(Saved entries)
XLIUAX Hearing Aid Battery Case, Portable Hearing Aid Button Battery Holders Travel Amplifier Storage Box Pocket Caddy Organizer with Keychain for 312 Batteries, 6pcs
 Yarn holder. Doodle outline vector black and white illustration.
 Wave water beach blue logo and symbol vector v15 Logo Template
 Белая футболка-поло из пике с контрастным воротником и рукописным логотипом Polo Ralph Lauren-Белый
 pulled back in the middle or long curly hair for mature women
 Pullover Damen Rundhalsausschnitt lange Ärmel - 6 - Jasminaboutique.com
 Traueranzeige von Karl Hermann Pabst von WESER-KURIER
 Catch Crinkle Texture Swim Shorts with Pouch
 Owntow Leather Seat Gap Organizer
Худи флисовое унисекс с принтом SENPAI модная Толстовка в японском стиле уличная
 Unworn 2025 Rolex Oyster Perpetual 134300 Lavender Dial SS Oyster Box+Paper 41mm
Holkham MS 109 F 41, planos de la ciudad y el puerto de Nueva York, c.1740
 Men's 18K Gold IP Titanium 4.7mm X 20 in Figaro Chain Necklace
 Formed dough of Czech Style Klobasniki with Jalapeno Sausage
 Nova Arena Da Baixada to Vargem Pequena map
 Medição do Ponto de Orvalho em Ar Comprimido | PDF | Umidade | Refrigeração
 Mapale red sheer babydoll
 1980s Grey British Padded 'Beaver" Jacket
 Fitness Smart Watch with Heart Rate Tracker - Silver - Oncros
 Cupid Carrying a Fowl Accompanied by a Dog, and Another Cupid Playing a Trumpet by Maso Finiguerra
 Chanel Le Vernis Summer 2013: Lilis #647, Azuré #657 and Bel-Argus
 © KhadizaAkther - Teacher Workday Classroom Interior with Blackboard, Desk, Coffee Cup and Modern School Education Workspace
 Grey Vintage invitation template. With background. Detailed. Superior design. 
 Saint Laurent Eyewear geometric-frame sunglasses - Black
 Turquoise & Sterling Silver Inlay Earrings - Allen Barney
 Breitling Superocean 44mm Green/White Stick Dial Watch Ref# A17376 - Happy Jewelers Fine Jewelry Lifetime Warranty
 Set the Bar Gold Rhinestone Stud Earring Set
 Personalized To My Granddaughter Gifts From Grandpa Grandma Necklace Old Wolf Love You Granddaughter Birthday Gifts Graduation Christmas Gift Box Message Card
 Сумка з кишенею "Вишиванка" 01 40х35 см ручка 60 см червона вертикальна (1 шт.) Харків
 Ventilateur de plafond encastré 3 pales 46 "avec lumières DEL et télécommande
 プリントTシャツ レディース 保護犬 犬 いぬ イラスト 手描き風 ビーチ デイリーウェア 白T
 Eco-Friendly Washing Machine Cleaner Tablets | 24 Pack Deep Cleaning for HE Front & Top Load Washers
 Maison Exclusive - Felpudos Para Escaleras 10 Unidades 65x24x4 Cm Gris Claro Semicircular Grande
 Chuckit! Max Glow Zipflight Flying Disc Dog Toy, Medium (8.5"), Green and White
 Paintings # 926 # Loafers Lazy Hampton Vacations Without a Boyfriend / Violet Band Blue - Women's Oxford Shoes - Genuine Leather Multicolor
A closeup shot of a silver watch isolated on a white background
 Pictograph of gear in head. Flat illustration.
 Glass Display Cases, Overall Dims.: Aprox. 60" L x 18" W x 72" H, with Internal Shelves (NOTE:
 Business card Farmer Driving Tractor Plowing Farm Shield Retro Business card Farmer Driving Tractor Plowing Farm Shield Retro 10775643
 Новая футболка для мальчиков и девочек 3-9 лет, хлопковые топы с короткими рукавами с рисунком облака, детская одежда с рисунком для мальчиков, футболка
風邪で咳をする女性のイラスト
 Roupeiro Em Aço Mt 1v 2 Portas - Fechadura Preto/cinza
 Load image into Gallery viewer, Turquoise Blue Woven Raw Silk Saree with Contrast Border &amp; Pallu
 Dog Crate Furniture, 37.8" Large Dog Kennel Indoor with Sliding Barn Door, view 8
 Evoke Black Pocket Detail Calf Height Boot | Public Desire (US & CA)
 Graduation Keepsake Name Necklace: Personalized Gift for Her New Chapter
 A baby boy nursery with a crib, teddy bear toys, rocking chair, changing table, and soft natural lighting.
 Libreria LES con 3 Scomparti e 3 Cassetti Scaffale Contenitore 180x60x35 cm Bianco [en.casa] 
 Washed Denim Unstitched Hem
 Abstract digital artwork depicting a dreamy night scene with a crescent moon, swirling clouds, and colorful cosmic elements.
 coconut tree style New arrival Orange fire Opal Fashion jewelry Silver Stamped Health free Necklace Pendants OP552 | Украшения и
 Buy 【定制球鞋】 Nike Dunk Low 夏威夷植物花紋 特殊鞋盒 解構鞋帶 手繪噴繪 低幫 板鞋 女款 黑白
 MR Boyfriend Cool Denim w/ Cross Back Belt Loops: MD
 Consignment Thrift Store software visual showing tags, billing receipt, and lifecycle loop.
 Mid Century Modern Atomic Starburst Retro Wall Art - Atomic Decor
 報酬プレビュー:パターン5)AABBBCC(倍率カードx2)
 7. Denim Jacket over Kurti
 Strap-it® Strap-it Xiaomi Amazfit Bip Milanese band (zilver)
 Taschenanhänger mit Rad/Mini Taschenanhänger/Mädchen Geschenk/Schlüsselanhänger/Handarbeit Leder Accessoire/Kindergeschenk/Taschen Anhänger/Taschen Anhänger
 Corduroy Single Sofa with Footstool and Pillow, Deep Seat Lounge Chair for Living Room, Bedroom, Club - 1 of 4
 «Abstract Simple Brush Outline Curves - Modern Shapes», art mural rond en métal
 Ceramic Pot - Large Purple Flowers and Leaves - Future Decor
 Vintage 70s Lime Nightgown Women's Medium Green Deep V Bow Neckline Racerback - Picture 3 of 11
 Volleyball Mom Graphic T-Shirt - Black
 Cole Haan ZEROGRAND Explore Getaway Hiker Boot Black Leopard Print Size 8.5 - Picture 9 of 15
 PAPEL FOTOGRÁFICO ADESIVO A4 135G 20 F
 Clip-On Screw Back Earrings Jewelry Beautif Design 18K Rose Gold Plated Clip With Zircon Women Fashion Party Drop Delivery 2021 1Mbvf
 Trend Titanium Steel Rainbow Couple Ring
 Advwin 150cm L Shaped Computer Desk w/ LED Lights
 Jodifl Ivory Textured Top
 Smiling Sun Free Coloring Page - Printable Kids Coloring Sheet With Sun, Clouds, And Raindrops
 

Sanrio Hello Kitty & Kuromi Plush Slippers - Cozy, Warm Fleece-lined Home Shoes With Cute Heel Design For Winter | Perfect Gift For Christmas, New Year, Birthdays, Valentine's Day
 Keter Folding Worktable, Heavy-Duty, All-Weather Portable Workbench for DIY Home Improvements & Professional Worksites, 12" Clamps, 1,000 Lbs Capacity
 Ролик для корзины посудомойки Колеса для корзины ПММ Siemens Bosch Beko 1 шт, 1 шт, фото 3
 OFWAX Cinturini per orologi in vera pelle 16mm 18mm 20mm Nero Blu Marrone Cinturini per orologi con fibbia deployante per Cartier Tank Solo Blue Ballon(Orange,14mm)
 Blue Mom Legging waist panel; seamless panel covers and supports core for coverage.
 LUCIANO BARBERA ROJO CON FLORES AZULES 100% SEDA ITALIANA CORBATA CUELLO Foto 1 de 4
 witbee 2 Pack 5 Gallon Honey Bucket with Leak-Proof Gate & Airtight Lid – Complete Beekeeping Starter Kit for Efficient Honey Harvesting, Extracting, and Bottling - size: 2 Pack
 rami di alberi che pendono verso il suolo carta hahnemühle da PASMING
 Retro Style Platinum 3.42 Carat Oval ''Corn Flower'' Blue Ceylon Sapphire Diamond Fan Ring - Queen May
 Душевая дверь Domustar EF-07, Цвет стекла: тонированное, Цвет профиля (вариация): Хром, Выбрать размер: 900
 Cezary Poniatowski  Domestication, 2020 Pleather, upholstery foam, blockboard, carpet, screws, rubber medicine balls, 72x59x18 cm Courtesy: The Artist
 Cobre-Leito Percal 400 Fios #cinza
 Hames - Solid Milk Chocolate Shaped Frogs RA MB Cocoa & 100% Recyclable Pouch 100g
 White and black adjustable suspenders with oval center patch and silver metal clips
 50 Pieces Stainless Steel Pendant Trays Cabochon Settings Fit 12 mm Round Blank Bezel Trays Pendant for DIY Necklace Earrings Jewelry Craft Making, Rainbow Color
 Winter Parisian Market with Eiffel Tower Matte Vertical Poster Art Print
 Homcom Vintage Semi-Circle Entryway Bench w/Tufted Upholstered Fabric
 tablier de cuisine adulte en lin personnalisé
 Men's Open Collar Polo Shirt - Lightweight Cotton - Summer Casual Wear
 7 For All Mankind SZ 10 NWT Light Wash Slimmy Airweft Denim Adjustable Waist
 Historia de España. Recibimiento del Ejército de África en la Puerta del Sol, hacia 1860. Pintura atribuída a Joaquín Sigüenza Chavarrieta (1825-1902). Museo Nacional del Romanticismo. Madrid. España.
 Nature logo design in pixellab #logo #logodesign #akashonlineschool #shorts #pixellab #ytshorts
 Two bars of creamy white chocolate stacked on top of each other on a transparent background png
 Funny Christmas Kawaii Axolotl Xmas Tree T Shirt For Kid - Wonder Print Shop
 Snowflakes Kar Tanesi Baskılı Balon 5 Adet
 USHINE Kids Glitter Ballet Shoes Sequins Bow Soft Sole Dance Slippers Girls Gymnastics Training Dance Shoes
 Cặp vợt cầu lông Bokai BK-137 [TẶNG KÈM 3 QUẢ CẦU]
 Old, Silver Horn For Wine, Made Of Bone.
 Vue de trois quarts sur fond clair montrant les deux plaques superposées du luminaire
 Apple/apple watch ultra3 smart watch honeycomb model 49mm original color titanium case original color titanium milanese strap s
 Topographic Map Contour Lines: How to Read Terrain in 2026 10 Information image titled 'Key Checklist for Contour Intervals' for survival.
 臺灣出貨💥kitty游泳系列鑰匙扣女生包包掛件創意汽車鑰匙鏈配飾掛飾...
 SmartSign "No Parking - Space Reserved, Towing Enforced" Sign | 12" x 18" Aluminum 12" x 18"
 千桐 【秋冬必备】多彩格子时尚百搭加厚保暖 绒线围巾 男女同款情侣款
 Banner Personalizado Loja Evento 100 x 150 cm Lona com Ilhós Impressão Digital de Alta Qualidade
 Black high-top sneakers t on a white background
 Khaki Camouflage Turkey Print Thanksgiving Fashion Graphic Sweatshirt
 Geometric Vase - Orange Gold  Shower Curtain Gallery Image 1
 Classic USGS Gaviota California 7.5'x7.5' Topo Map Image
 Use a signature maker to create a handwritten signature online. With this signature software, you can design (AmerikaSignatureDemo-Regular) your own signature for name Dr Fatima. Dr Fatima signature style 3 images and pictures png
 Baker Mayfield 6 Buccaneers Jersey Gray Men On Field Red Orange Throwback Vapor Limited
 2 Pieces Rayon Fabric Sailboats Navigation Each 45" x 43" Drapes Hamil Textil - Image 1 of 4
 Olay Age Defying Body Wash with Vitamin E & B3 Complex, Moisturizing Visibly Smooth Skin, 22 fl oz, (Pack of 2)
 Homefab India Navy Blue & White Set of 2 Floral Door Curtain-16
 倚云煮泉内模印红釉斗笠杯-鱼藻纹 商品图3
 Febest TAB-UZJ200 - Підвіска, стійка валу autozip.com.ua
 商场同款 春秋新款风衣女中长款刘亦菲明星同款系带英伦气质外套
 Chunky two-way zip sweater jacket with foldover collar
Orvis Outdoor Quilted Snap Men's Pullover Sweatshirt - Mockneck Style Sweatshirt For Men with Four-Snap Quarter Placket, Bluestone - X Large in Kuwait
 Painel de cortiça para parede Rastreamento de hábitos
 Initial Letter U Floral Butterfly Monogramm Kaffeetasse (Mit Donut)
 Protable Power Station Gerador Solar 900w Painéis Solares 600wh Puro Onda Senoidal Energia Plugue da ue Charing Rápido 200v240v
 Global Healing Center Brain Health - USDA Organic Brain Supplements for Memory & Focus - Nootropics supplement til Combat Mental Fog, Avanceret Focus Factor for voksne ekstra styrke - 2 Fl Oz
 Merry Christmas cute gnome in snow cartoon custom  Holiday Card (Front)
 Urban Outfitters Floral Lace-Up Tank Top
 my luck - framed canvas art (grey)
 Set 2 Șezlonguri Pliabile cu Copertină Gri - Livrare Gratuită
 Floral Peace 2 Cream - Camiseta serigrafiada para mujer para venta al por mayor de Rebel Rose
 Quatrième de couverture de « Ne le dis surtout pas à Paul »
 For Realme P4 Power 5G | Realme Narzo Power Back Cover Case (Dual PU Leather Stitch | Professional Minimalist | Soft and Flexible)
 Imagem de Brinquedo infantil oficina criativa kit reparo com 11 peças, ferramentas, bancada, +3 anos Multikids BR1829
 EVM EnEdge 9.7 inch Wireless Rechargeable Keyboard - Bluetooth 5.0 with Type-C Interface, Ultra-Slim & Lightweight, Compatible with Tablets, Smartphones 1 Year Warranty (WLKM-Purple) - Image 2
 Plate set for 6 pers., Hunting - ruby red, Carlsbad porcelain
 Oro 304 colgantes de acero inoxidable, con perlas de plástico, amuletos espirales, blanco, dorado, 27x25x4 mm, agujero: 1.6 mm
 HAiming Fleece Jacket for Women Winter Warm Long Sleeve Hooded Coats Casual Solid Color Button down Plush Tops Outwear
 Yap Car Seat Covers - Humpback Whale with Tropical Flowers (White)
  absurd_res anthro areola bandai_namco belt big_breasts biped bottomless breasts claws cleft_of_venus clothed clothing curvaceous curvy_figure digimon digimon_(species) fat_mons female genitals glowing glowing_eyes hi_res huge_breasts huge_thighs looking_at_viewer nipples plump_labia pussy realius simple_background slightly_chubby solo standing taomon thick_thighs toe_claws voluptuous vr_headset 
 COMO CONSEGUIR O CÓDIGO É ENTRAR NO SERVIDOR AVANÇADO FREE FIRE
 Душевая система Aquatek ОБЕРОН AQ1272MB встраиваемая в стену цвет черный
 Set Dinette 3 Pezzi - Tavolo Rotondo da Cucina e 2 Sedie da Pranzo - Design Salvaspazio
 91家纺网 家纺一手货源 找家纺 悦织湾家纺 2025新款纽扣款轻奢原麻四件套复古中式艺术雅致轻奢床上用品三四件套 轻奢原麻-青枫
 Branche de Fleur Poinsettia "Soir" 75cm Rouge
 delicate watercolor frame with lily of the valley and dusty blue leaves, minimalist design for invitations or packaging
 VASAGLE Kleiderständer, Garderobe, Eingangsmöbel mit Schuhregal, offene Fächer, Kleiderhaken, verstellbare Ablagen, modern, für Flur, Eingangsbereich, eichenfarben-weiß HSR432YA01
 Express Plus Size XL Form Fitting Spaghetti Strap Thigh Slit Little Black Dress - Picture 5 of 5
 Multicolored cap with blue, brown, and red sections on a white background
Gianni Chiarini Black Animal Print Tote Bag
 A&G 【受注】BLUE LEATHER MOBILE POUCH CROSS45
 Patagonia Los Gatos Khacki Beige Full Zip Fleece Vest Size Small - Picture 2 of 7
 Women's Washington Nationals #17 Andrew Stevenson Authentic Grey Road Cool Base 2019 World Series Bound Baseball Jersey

» **What needs to be done**
Check every line of the entries for "Personalized" and report how many lines contain it, without any other words.

» **Written response**
2